An OS boot device can be installed in one of the tertiary riser PCIe slots, and offers dual 480GB NVMe M.2 drives. Each of the slots in the tertiary riser are PCIe 4.0 x16 with a x8 connector link width. The boot device utilizes a PCIe 3.0 interface and requires no GUI or setup, automatically creating a hardware RAID 1 configuration for mirroring the two drives.

The configuration for the front 2.5-inch drive bays is also dependent on the installed controllers with the embedded controller capable of supporting up to 8x SATA drives or 7x 4x NVMe drives. For support of NVMe drives, you will need the NVMe U.3 premium backplane. The other configurations with SAS or SATA use the Standard backplane option, like we have on this system. HPE Smart Array controllers, either the E208i-a or the P408i-a, will support up to 8x SAS or SATA drives in a hardware RAID. For the 8+8 bay configuration with SATA and SAS drives, there’s the P816i-a controller but only that last option will take up both of the front drive cages and is more for the single server node option than for the dual node server configuration.

Direct liquid cooling is an option on this system promising increased efficiency and power density. In fact, GPUs with a TDP of up to 500W are supported along with CPUs of up to 280W TDP so effective cooling is a necessity. There are other options for GPUs from NVIDIA, AMD, and others, which are not necessarily mentioned.
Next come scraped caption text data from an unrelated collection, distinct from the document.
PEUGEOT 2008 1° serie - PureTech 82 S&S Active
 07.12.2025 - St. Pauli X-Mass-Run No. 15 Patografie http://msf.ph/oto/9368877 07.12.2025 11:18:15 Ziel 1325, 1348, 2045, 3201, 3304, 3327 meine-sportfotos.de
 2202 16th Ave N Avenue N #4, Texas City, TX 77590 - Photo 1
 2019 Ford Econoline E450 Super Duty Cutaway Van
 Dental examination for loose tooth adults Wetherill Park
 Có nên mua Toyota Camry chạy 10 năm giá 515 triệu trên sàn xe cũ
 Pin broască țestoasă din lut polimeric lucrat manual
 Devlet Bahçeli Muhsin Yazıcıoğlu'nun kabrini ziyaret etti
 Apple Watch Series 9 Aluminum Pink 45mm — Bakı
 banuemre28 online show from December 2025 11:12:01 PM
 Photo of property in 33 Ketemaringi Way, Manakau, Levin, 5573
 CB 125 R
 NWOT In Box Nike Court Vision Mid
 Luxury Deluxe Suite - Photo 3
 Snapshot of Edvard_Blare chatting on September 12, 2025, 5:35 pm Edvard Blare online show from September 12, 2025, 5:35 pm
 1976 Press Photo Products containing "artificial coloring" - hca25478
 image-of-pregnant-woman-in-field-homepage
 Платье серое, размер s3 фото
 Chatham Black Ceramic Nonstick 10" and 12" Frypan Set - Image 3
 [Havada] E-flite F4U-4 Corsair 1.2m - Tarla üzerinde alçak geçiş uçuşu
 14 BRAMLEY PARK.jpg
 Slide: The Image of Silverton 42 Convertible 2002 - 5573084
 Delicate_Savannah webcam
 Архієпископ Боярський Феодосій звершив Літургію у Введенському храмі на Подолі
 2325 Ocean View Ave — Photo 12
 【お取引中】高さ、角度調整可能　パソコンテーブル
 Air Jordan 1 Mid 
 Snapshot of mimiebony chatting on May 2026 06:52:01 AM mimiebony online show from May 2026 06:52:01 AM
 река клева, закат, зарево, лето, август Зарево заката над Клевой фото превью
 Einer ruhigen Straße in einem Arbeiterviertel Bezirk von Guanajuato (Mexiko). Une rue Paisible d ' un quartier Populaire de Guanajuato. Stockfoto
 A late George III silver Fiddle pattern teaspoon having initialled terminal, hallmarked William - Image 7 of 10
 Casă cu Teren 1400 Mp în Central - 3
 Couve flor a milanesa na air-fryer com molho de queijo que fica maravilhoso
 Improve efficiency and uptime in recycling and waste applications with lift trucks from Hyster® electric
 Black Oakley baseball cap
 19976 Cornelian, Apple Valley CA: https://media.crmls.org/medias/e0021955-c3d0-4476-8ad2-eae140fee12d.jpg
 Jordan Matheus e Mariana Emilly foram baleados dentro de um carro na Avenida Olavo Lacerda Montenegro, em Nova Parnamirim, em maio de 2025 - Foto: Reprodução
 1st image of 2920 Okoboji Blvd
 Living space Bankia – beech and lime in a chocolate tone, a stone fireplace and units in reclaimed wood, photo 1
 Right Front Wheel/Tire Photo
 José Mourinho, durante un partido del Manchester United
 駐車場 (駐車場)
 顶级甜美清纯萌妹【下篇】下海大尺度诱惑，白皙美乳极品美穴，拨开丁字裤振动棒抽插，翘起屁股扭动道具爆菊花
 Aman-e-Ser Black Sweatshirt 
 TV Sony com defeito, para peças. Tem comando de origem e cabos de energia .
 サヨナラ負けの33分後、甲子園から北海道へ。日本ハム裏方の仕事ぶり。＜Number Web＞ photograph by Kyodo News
In its current configuration, this XL675d is outfitted with 2x 3^rd gen AMD EPYC 75F3 CPUs with 32 cores each, 1TB of memory, and 8x NVIDIA HGX A100 80GB SXM4 GPUs. Pre-configured CPU options for this model are the AMD EPYC 7H12 with 64-cores per socket or the AMD EPYC 7532 32-core CPU. Although, that said it can support a number of other options from both the 2^nd generation ROME and 3^rd generation Milan. The NVIDIA HGX A100 80GB GPUs feature Tensor cores and can be partitioned into 7 separate GPU instances and features a memory bandwidth of over 2TB/s. At full capacity, it can support up to 4TB of memory using Registered 128GB memory modules in all 32x slots.

With extensive GPU support, this system can handle the most complex AI models, Machine or Deep Learning inference scenarios, and a myriad of high-performance computing simulations. It is built to order but there are quite a few different configurations as outlined above depending on your workload. This system has a price tag that will make your eyes water but for certain applications, this is what you want/need.